Thousands of people, including dozens of orphans, leave Aleppo in ongoing evacuation effort from besieged Syrian city.
by Al JazeeraDozens of buses carrying evacuees including orphaned children from the last rebel-held district of Aleppo travelled to opposition-controlled areas outside the city early on Monday, according to Turkish officials and a monitoring group.
Turkey said that about 20,000 people have been evacuated from eastern Aleppo so far, as a fragile ceasefire between rebels and government forces was holding.
Foreign Minister Mevlut Cavusoglu said on Monday that the evacuees from the besieged city were bused to an area under opposition control, in an ongoing effort to get people to safety.
Nearly 50 children who were trapped in an orphanage in east Aleppo were evacuated, the United Nations Children’s Fund (UNICEF) said.
“This morning, all 47 children trapped in an orphanage in east Aleppo were evacuated to safety, with some in critical condition from injuries and dehydration,” Geert Cappelaere, UNICEF regional director, said in a statement.
UNICEF and other agencies were also assisting in reunifying other children evacuated in the past few days with their families and giving them medical care and winter clothes, he said.
Meanwhile, the Syrian Observatory for Human Rights said an estimated 500 people had been evacuated from two villages besieged by rebels in Idlib province on Monday as part of the deal.
SOHR said 10 buses had left the majority Shia towns of Foua and Kefraya carrying evacuees through rebel-held territory towards Aleppo.
The evacuation process in Aleppo got off to a shaky start last week, with agreements collapsing and four people reportedly killed by government-allied forces as they attempted to leave eastern Aleppo.
In the latest disruption on Sunday, gunmen attacked buses sent to take people out of Foua and Kefraya and torched them, killing a bus driver, the Syrian Observatory said.
‘Sleeping in the streets’
Thousands of people remain in eastern Aleppo, many sleeping in the streets in freezing temperatures as they wait to be evacuated.
“Conditions in eastern Aleppo remain extremely dire,” said Al Jazeera’s Imtiaz Tyab, reporting from Gaziantep on the Turkey-Syria border.
“In the evenings it can go to -5C. They have access to very little food, fuel, water and medical supplies.”
Most of the evacuees are taken to rebel-held Idlib province or Aleppo countryside.
Turkey has said that they could also be housed in a camp to be built near the Turkish border to the north.
UN monitors
Meanwhile at the United Nations, France and Russia announced agreement on a compromise resolution to deploy UN monitors to eastern Aleppo to ensure safe evacuations and immediate delivery of humanitarian aid.
France’s UN ambassador, Francois Delattre, told reporters the compromise was reached after more than three hours of closed consultations on Sunday and the Security Council would vote on the resolution on Monday.
Russia’s UN ambassador, Vitaly Churkin, told reporters before consultations that Moscow could not accept the French draft resolution unless it was changed.
He presented council members with a rival text.
After the consultations, Churkin said a “good text” had been formulated.
The US ambassador to the UN, Samantha Power, said the resolution would quickly put more than 100 UN personnel on the ground to monitor evacuations.

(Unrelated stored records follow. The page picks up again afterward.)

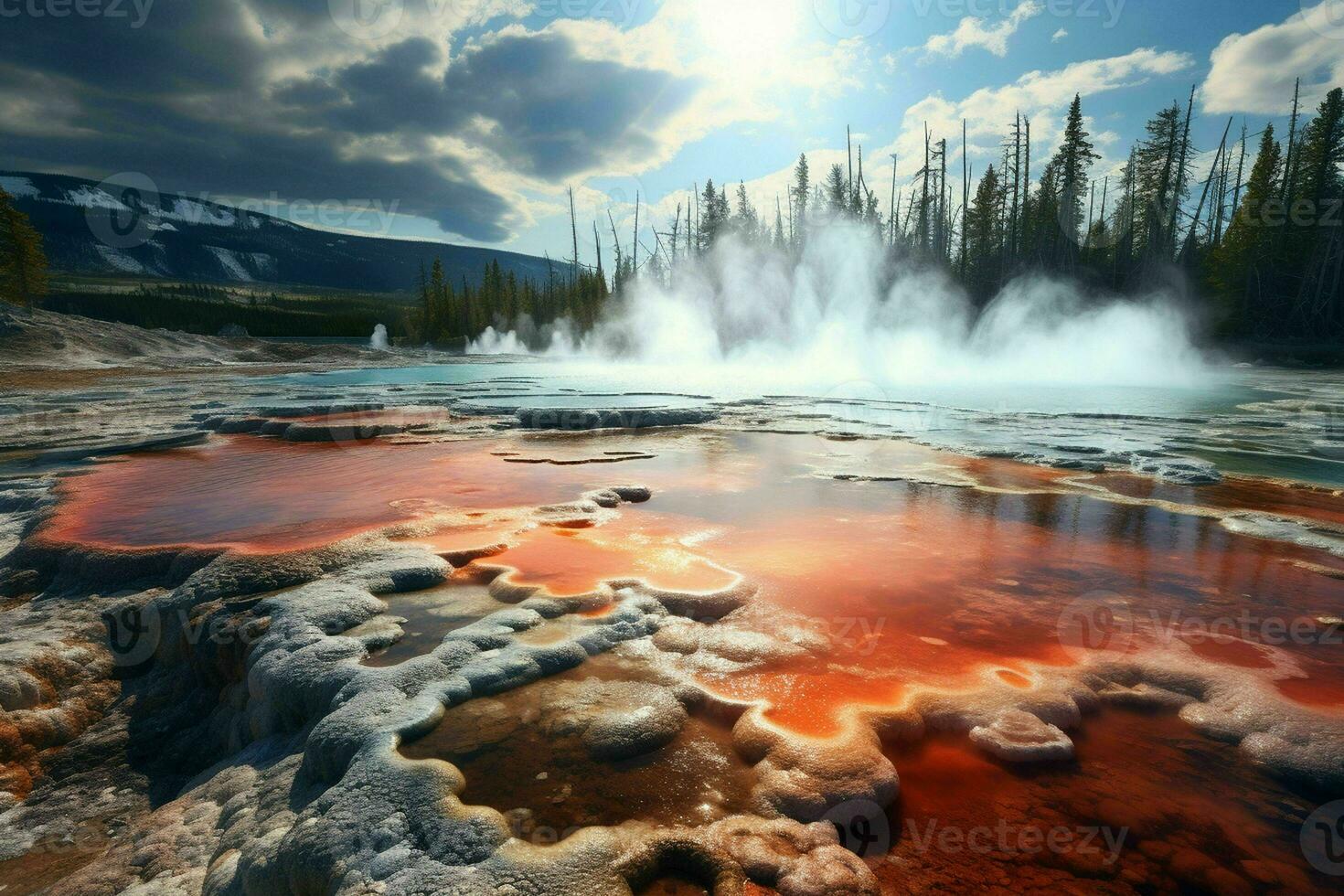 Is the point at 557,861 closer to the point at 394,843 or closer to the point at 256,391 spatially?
the point at 394,843

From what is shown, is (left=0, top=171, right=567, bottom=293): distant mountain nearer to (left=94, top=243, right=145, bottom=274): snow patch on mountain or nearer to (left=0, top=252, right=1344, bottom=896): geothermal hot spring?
(left=94, top=243, right=145, bottom=274): snow patch on mountain

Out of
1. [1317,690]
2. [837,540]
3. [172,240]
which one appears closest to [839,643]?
[837,540]

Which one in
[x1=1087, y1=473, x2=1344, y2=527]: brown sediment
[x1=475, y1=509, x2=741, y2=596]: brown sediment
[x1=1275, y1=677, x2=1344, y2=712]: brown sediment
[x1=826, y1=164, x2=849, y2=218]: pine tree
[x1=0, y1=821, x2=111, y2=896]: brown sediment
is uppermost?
[x1=826, y1=164, x2=849, y2=218]: pine tree

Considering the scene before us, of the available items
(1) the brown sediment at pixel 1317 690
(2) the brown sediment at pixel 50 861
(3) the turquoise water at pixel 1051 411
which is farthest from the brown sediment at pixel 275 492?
(1) the brown sediment at pixel 1317 690

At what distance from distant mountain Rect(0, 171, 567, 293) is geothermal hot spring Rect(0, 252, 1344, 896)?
17932 centimetres

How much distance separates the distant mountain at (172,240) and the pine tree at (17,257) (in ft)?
454

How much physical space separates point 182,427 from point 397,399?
4645 mm

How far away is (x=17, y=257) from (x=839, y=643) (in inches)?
2066

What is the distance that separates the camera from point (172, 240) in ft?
565

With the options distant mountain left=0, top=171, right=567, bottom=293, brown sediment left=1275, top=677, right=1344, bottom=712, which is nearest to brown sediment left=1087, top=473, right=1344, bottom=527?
brown sediment left=1275, top=677, right=1344, bottom=712

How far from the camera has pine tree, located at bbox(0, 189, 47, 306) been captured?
3472 cm

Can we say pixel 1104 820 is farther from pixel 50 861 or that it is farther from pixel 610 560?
pixel 50 861

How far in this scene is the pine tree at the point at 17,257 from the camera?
3472cm

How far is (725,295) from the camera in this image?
44.2 meters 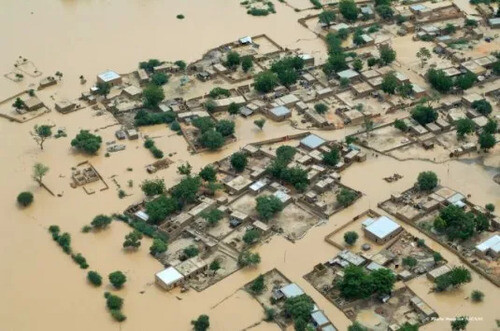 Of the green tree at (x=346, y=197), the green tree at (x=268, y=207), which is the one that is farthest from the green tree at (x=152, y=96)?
the green tree at (x=346, y=197)

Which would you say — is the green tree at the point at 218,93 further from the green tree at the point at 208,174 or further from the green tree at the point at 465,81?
the green tree at the point at 465,81

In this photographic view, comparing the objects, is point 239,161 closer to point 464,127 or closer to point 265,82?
point 265,82

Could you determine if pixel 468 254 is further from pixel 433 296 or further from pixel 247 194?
pixel 247 194

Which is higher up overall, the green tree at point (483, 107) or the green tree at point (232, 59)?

“The text contains all the elements for safe, secure, dignified evacuation, for humanitarian access to those who choose to remain in eastern Aleppo” and for protecting civilians, she said.
She said that following the siege in eastern Aleppo, there have been “many, many reports of people being pulled off buses and disappeared, whether into conscription or into torture chambers or killed outright.”
Deploying UN monitors would deter “some of the worst excesses,” she said.
Russia, which has provided military backing to Assad, has vetoed six Security Council resolutions on Syria since the conflict started in 2011.
China joined Russia in vetoing five resolutions.
Aleppo had been divided between government and rebel areas in the nearly six-year war, but a major advance by the Syrian army and its allies began in mid-November following months of intense air strikes.
The offensive forced the opposition fighters out of most of their strongholds within a matter of weeks.